Furthermore, it's odd that all the traditional parishes and chapels I've ever known don't have any sort of ceremony or rite of passage at all that a boy or man must go through before becoming a server at Mass. It's kind of a come-as-you-are affair. A very Novus Ordo style approach, if you ask me.


As for what they'd give up, they'd be giving up a lot of time. It would take a lot of time to learn how to first sit in choir, then how to sing all the Ordinary and Proper chants, then how to pray all the hours of the Office (or at least Lauds, Vespers and Compline). Then the duties of the porter, lector and exorcist. Then how to serve solemn Mass, sung Mass, and finally low Mass. If you want to be a low Mass server, you'd have to do all those above things first (in my ideal plan, at least).


Re: Restore the minor orders! - cgraye - 01-25-2011

(01-25-2011, 06:49 PM)The_Harlequin_King Wrote: What's doing the cheapening? On the contrary, restoring the minor orders would enrich the service by forcing boys and men to learn how to perform easier or "smaller" services before approaching the altar as an acolyte. I've always thought it was illogical that boys as young as 7 go straight from the pew to serving low Mass, which is really the most complex form of service short of maybe being a master of ceremonies. That should actually be the last thing an acolyte learns after several years of service, since many of those duties in low Mass are the deacon's and subdeacon's.

As for what they'd give up, they'd be giving up a lot of time. It would take a lot of time to learn how to first sit in choir, then how to sing all the Ordinary and Proper chants, then how to pray all the hours of the Office (or at least Lauds, Vespers and Compline). Then the duties of the porter, lector and exorcist. Then how to serve solemn Mass, sung Mass, and finally low Mass. If you want to be a low Mass server, you'd have to do all those above things first (in my ideal plan, at least).

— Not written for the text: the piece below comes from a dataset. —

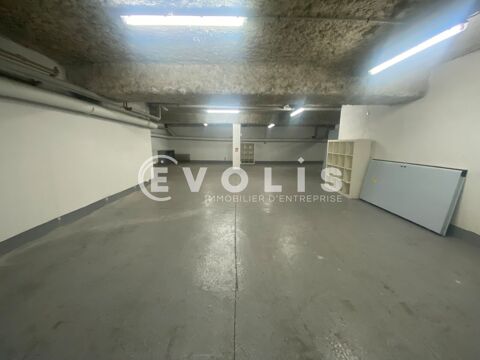 Locaux d'activit&eacute; - A VENDRE - 171 m&sup2; non divisibles 171000 93330 Neuilly sur marne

In the past, if you were a cleric, you were celibate - not permanently yet, but you were heading down that road, and you weren't looking.  A wife and children are the most precious things in this world.  And being a cleric is a great privilege.  It is fitting that to receive that gift you give up what is most precious in this world in order to dedicate yourself to serving God and his Church.  It is not necessary, and not universal in the entire Church, but it is a long tradition in the Latin Church and with good reason behind it.  It sets clergy apart in a special way.  When you see a cleric, you know he has sacrificed (or is in the process of sacrificing) the greatest joys in life to be there, for God and for you.

Giving up a little of your time does not compare to that.  It's not hard or time-consuming to learn these things - as you pointed out, a seven-year-old can do it.